Jer Catallo

Posted on Jun 14

Path Traversal: What It Is, Why It's Dangerous, and How to Stop Attackers from Reading Files They Shouldn't

#cybersecurity #tutorial #todayilearned #security

Path traversal is a web vulnerability where an attacker reads files outside the directory your application intends to serve. It sounds simple, but the impact can be severe. One missing validation and an attacker can walk straight into your .env, your database backups, or your cloud credentials using nothing more than ../ in a URL.

The mock server used in this demonstration is available at https://github.com/jercatallo/lab-path-traversal if you want to follow along and try the vulnerability yourself.

Path traversal, also called directory traversal, happens when an application takes a filename from user input and builds a file path with it, without checking where that path actually leads. Attackers chain ../ sequences to climb up the directory tree and reach files the application was never meant to expose.

Common targets include:

Environment files with database credentials
Configuration files with cloud API keys
Database backups with user data and password hashes
Internal service credentials

Path Traversal vs LFI vs RFI

These three vulnerabilities are related but different. Here is a quick comparison:

Feature	Path Traversal	LFI	RFI
File source	Local filesystem	Local filesystem	Remote server
Execution	Read only	Can execute code	Can execute code
Main goal	Read sensitive files	Read or execute local files	Execute remote malicious code
Common payload	`../` sequences	`../` + file paths	`http://attacker.com/shell.php`

Path traversal only reads files. LFI goes further and can execute them. RFI pulls code from an external server entirely.
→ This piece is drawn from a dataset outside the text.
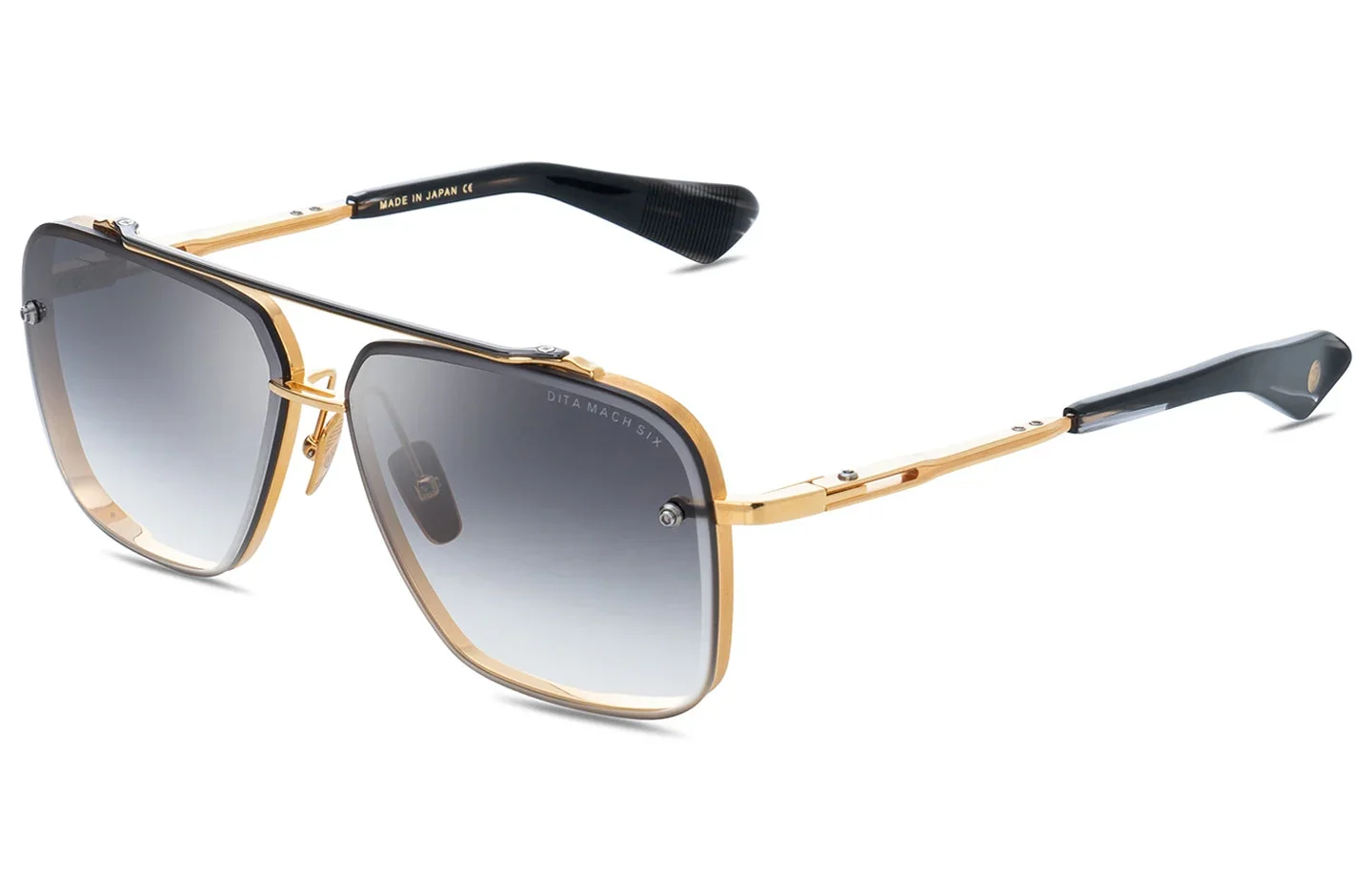 Dita Mach/six Metallic Sunglasses For Men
This demonstration focuses on path traversal.

Vulnerable Code Examples

Path traversal happens when developers trust user input without validating the resulting file path. Here are common patterns that cause this vulnerability.
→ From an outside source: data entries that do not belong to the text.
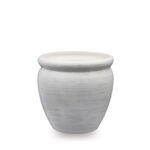 Donica ceramiczna Muza 30,5 cm beżowy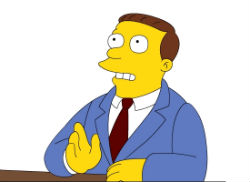 <span class="mw-page-title-main">Lionel Hutz</span> The Simpsons character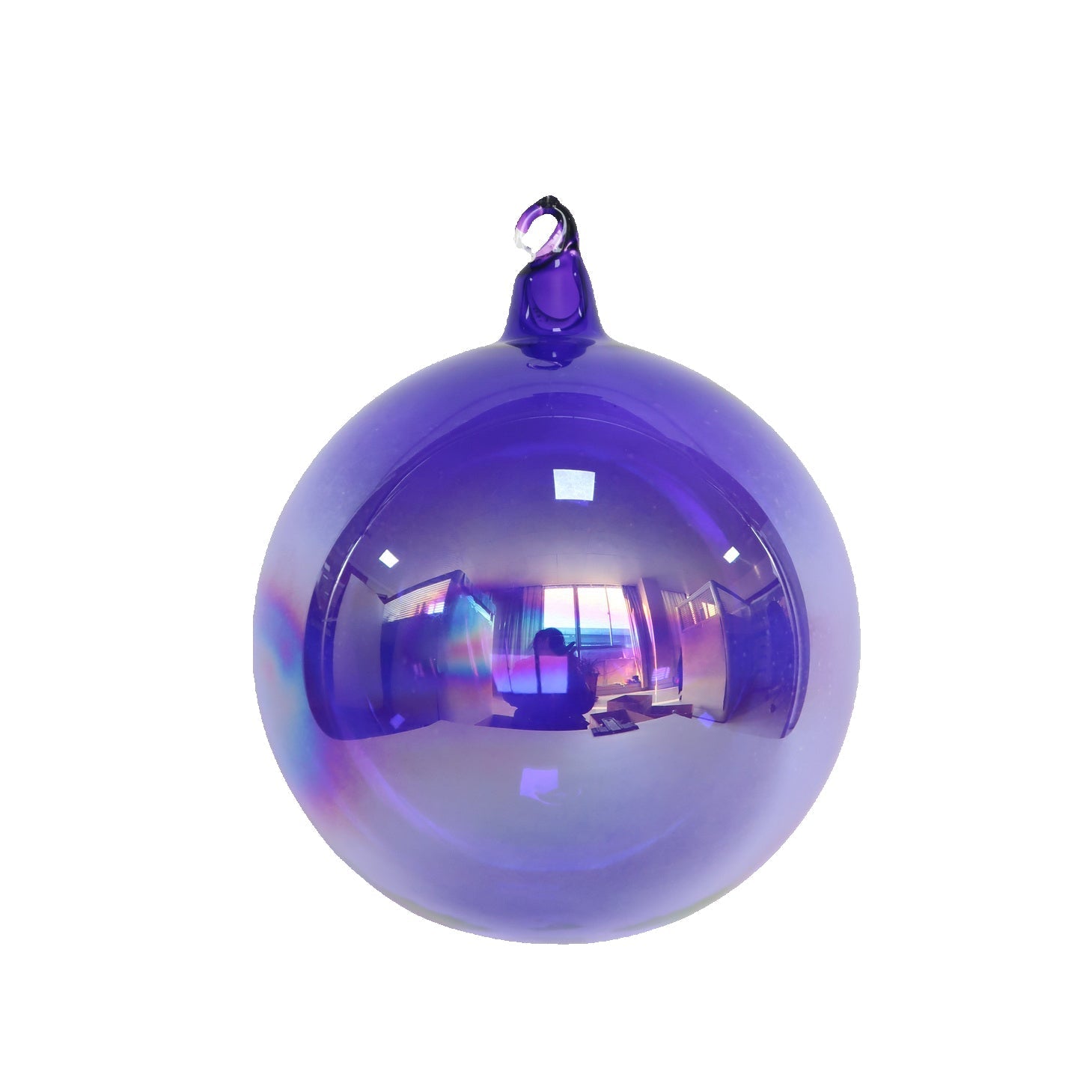 AURORA GLASS ORNAMENT (IN STOCK)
PHP - Direct file path concatenation without validation:

<?php
$filename = $_GET['file'];
$filepath = '/var/www/files/' . $filename;
readfile($filepath);
?>

The code takes the file parameter directly from the URL and appends it to the base path. If an attacker sends ?file=../.env, the server reads /var/www/files/../.env which resolves to /var/www/.env.

Python - Missing path boundary check:

from flask import Flask, request, send_file
import os

app = Flask(__name__)
BASE_DIR = "/var/www/files"

@app.route("/files")
def serve_file():
    filename = request.args.get("file")
    filepath = os.path.join(BASE_DIR, filename)
    return send_file(filepath)

The os.path.join() function does not prevent directory traversal. When filename is ../.env, the result is /var/www/files/../.env which the server resolves to /var/www/.env.

Node.js - Unsafe path construction:

const express = require('express');
const fs = require('fs');
const path = require('path');
const app = express();

app.get('/files', (req, res) => {
  const filename = req.query.file;
  const filepath = path.join(__dirname, 'files', filename);
  res.sendFile(filepath);
});

The path.join() method preserves ../ sequences. An attacker sending ?file=../config/production.json gets the full production configuration file.

Java - File object without canonical path validation:

@WebServlet("/files")
public class FileServlet extends HttpServlet {
    protected void doGet(HttpServletRequest req, HttpServletResponse resp) {
        String filename = req.getParameter("file");
        File file = new File("/var/www/files", filename);
        // Missing: check if file.getCanonicalPath() starts with base directory
        Files.copy(file.toPath(), resp.getOutputStream());
    }
}

The File constructor accepts any path string. Without calling getCanonicalPath() and verifying it stays within the allowed directory, traversal sequences pass through unchecked.

The common mistake across all these examples is the same: user input flows directly into file path construction without checking where the final path actually points.

Ethical Considerations

All credentials, tokens, and data shown here are simulated values created for this lab. The environment runs on a local machine with no real user data. Never test path traversal on systems you do not own or have written permission to test. Unauthorized file access is illegal in most jurisdictions.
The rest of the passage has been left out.